We have a lovely spacious apartment with a great view of river and the tower of the castle. For the first couple of days we just relax in the apartment or walk around town. As usual we gravitate toward the riverside and spend some time watching people rafting down sluices beside each weir (there are two in the city). After a while we gather our strength, climb up to the castle and  walk through the courtyards and gardens. We even get up early to return there for a tour of the Baroque Theatre. It is one of only two in the world in working order, and we went to the other one in Drottningholm, Sweden, about 25 years ago. This one is just as wonderful.

Our second early start is to go rafting ourselves on our last morning before we leave. We are driven upriver and shoot five weirs successfully on our way back into town.

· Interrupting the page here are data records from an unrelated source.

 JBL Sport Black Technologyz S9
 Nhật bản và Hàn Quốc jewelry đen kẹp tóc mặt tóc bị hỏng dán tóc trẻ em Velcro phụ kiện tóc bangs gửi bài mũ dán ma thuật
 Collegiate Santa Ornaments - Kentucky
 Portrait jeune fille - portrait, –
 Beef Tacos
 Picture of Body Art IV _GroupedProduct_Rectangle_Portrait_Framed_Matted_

It's great fun, quite exciting and we have one nasty moment when our raft catches on the side of the sluice at the bottom of the last weir and threatens to tip over, but we manage to get it balanced again and safely into the pool below the weir.

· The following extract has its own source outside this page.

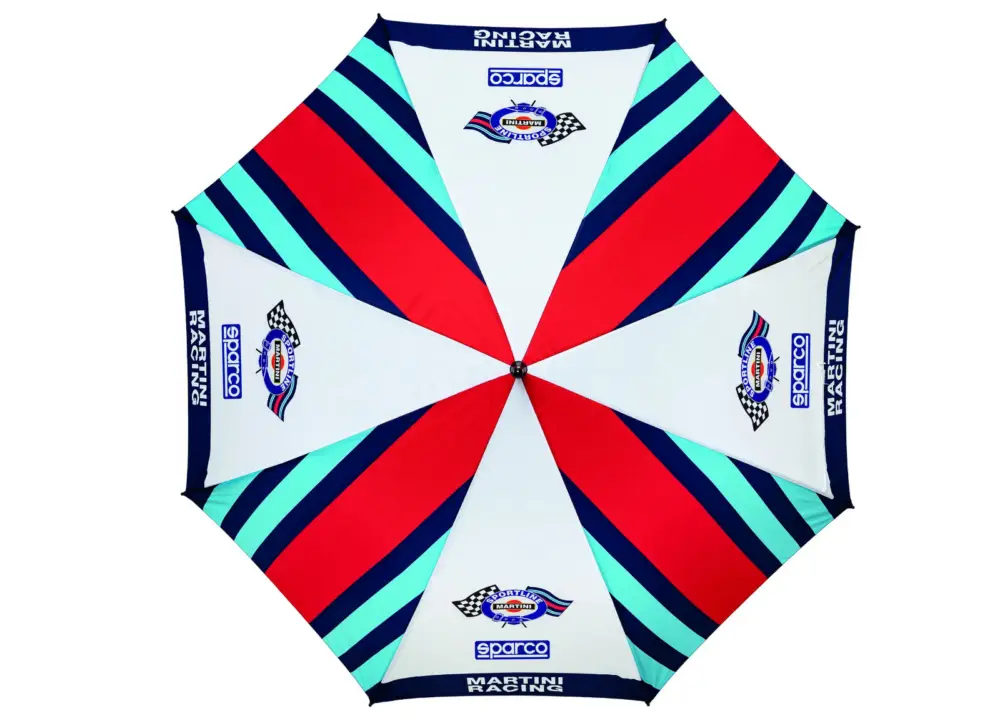 Akce Sparco deštník Replica Martini Racing
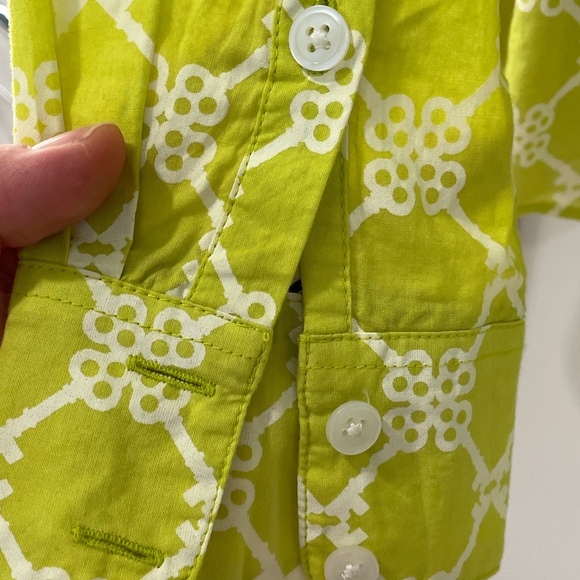 Crown & Ivy Cotton Button Down Shirt - Picture 5 of 7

On our way back from rafting to pick up our bags, we even manage to visit a great music shop recommended by a friend and make a couple of purchases. All round, Cesky Krumlov gets a big tick from us.

13 July 2019

Prague Part 3 - culture and final comments

Did we manage to spend a bit more than a week in a city without experiencing art or music? Of course not.

We only visit one bit of the National Gallery of Prague, which has about five separate locations. We go to the one on the Main Square on Wednesday when it is open late (often a quieter time to visit a popular gallery). They are showing a collection of French Impressionists on loan from the Danish Ordrupgaard gallery. We always find it soothing to go and look at some Monet, Manet, Sisley, Pissarro. All that nice French landscape. 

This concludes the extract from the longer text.